Si convulsifs qu’on les dirait déracinés,

Les arbres se crispant

En serpents

Sifflent, geignent,

Et s’étreignent.

Ils emmêlent tordu leur feuillage fané

Que l’eau croulante baigne,

L’écharpant,

Et qui pend

Et qui saigne

Au rouge flamboiement des éclairs forcenés.

Et c’est le chaos gouffre où le bois tout entier

S’engloutit ondoyant,

Tournoyant

Noir, liquide,

Dans le vide,

Jusqu’à ce que l’orage ait fini d’effrayer

La lune qui, livide,

Souriant

En brillant,

Rôde humide

Sur la grande forêt qui va resommeiller.

(Maurice Rollinat, Les Apparitions, pages 198 à 203)

Peinture à la cire de Catherine Réault-Crosnier, illustrant le poème Orage en
  forêt de Maurice Rollinat.

Par ses paysages subtils au goût de descriptions sans référence concrète, au frôlement mystique, à la perception d’une certaine présence, Maurice Rollinat entre d’une certaine manière en correspondance avec le poète visionnaire du XXème et XXIème siècle, Yves Bonnefoy comme dans ce passage de Hier régnant désert dans le poème « L’oiseau des ruines » :

L’oiseau des ruines se dégage de la mort,
Il nidifie dans la pierre grise au soleil,
Il a franchi toute douleur, toute mémoire,
Il ne sait plus ce qu’est demain dans l’éternel. (page 153)

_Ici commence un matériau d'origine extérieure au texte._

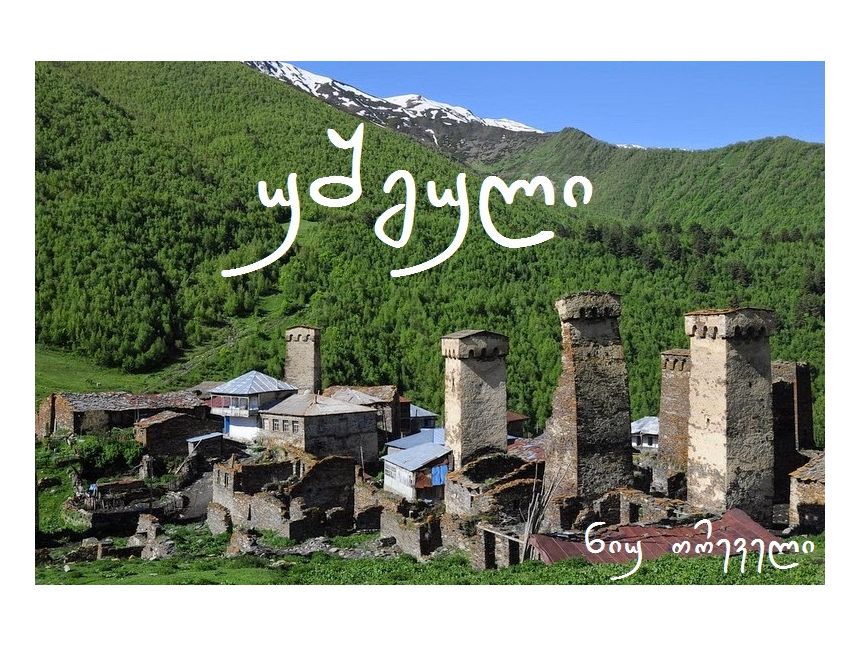 tours in svaneti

Peinture à la cire de Catherine Réault-Crosnier, illustrant le poème L’oiseau des ruines d'Yves Bonnefoy.

 

Son recueil Paysages et Paysans (1899) n’est pas seulement un hymne champêtre rendant hommage à la campagne, aux petites gens. Le poète l’imprègne de vie.

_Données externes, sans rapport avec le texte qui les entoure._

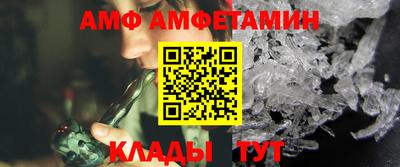 прущие крисы Малоярославец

Dans le sonnet « A quoi pense la nuit », Rollinat exprime bien son amour pour la nature, sorte de dévotion étonnante, tellement il la met sur un piédestal, en union avec l’univers et en même temps, la considérant comme un être vivant à part entière qui nous regarde « yeux ouverts aux étoiles » et nous emporte vers un ailleurs :

A QUOI PENSE LA NUIT ?

A quoi pense la Nuit, quand l’âme des marais
Monte dans les airs blancs sur tant de voix étranges,
Et qu’avec des sanglots qui font pleurer les anges
Le rossignol module au milieu des forêts ?…

A quoi pense la Nuit, lorsque le ver luisant
Allume dans les creux des frissons d’émeraude,
Quand murmure et parfum, comme un zéphyr qui rôde,
Traversent l’ombre vague où la tiédeur descend ?…

Elle songe en mouillant la terre de ses larmes
Qu’elle est plus belle, ayant le mystère des charmes,
Que le jour regorgeant de lumière et de bruit.

Et – ses grands yeux ouverts aux étoiles – la Nuit
Enivre de secret ses extases moroses,
Aspire avec longueur le magique des choses.

(Maurice Rollinat, Paysages et Paysans, page 12)

Peinture à la cire de Catherine Réault-Crosnier, illustrant le poème A quoi pense la nuit de Maurice Rollinat.

Dans « La Charrette à bœufs », le poète manie le patois berrichon de manière animée, en coupant les mots, en multipliant les successions de noms avec un réel plaisir et beaucoup d’humour :

LA CHARRETTE A BŒUFS

Ces rout’ à tas d’ cailloux où des beaux ch’vaux d’calèches
S’rencontr’ avec des ân’, des perch’rons, des mulets,
Où pass’ carriol’, patach’, tap’culs, cabriolets
Att’lés d’bidets pansus quand c’est pas d’ross’ ben sèches,

Pour moi, c’est des ch’mins d’vill’, censément comm’ des rues
Qui s’allong’raient sans fin et n’auraient pas d’pavés,
Et tout c’qui roul’ dessus, crasseux comm’ bien lavé,
De bruit, d’forme et d’couleur, m’blesse l’oreille et la vue.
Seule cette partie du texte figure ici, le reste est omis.